Karl and I still managed to squeeze in some of our own fun time. We visited a couple wineries in Minnesota, made it up to the cabin a few times so Jackson could experience his first boat ride, and made a road trip down to Illinois so my family could meet him. Jackson was also baptized in June.
|very special moment|
|First boat ride!|
August, September, October
I spent these three months adjusting to being a working mom. These were some hard three months. I spent a TON of time reflecting (mostly in the bathroom as I pumped at work), wondering if I was doing the right thing because I felt incredibly guilty leaving Jackson every day. However, we found wonderful care for Jackson and I also developed a very VERY amazing friendship with Jackson's daycare provider. As I look back now, I know there is a reason for all of this - the timing of everything has been unbelievable, to the point where I know there is something bigger working behind the scenes. It's amazing how far we can push ourselves and how strong we really are (and we have no clue until we're faced with some tough stuff).
I started cooking all Jackson's food, which has made me very conscious of what we're putting in our own mouths and I learn to appreciate my body more and more.
Jackson went on his first airplane ride, as we made a trip out to Arizona to visit family. Travel takes on a whole new meaning with a baby... We also made a couple more trips up to the cabin and my parents came up to watch Jackson as well and same with my younger brother and sister in law. Karl's parents started watching Jackson once a week - win-win for EVERYONE.
Jackson dresses up as Mr. Mustache Man for Halloween thanks to his crazy dad (who we both love very much).
|Mr. Mustache Man Saves the World|
More trips up to the cabin and a trip down to Illinois for the Thanksgiving holidays. Lots of germs flying around but Jackson has managed to catch four colds total since he's been born. Karl has had about six...me...one. (knock on wood.) Average is around 11 illnesses throughout the year for babies.
|Hanging out with Great Grandma Powalish|
My parents come up to watch Jackson for an entire week and we celebrate Christmas up here. The Koester's have us this year for the Christmas holiday and we travel between houses. Jackson loves the wrapping paper more than the actual presents.

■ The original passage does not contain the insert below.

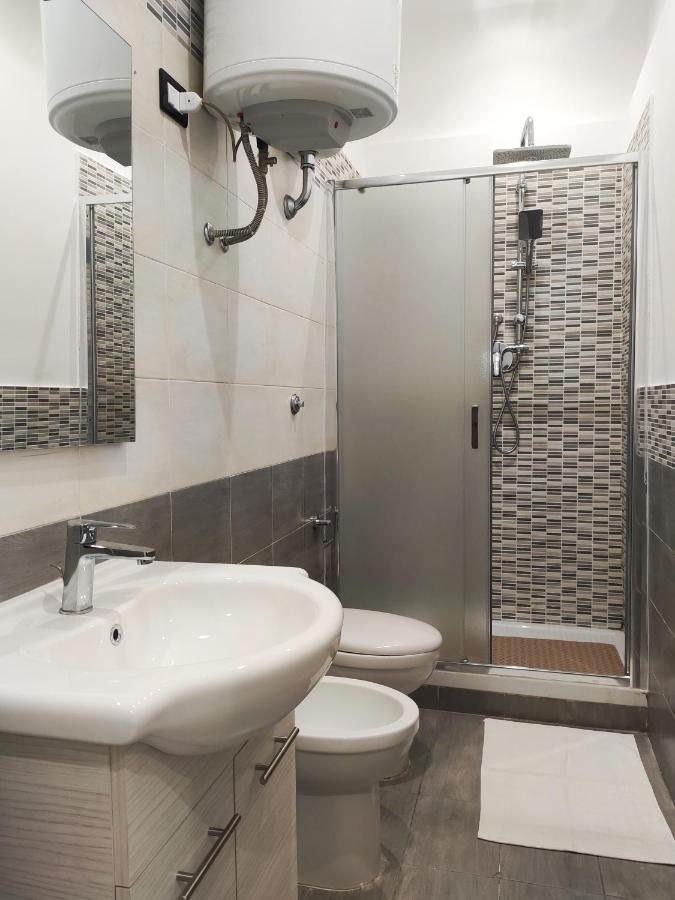 Apartment Addu Donn'anna Ai Spagnoli. Naples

Jackson goes on his first sledding ride and isn't sure how he feels about the huge snow flakes in his face. We ended up getting 12 inches of snow the first weekend in December.
We ring in the New Year by staying up until 10:30 and toasting a happy, healthy and exciting 2013. Not sure how it will top this past year, but my guess is it will. Every year keeps getting better and better.

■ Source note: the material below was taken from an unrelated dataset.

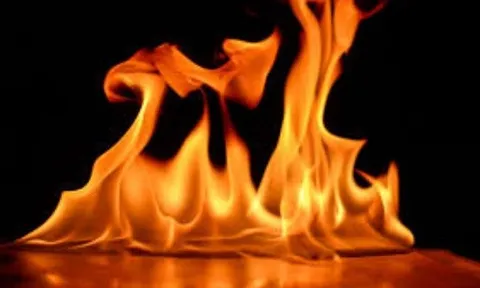 Một người bị thiêu tử vong sau va chạm giữa ô tô và xe máy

As much as I vent my emotions and feelings via my blog, I will say this: I feel very lucky. Very blessed and hang on to every day like it could be my last. Sure, I wish some things were different, but for the most part, I wake up every single morning with the love of my life next to me and throw those covers off , eagerly waiting to see Jackson's smiling face in the next room. What could be better than that? Another one maybe?!?!??! He, he, he.
Like a friend wrote on her Facebook post... "I prefer the New Day's resolutions which occurs every 24 hours and can start over at any time. Lower expectations, less stress. Higher awareness, more peace. Happy NEW DAY everyone."
Each day is TRULY a blessing. Enjoy what YOU have.